Using the listing below, report all lines holding the word "Gold".

* * * *

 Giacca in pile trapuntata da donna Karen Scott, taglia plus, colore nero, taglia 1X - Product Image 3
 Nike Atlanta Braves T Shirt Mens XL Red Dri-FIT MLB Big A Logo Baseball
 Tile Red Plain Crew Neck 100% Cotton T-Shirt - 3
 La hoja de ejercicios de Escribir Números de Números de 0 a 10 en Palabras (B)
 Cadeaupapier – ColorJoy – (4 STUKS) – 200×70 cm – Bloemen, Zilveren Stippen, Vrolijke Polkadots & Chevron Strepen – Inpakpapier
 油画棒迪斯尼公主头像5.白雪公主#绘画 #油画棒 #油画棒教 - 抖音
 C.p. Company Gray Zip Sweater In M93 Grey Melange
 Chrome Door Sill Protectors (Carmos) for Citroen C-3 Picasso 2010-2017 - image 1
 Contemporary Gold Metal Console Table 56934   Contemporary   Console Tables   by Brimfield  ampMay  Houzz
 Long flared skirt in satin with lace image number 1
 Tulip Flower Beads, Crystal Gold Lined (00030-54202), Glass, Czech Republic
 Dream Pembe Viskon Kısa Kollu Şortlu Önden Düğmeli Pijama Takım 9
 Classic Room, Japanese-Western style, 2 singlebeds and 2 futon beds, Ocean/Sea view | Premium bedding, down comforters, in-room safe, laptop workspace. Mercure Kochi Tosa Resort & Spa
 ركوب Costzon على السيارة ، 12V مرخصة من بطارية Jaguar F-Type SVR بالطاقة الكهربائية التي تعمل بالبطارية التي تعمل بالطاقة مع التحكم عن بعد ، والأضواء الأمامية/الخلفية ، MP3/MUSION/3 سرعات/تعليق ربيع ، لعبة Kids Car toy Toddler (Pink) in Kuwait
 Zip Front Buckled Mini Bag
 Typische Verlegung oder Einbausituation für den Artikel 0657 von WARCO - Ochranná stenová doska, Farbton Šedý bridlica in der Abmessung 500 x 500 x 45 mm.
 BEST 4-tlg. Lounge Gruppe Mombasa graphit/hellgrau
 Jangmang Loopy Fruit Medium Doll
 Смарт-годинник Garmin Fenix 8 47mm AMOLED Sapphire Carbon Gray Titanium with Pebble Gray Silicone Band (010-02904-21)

* * * *

» SOLUTION FOR THIS TASK
 Contemporary Gold Metal Console Table 56934   Contemporary   Console Tables   by Brimfield  ampMay  Houzz
 Tulip Flower Beads, Crystal Gold Lined (00030-54202), Glass, Czech Republic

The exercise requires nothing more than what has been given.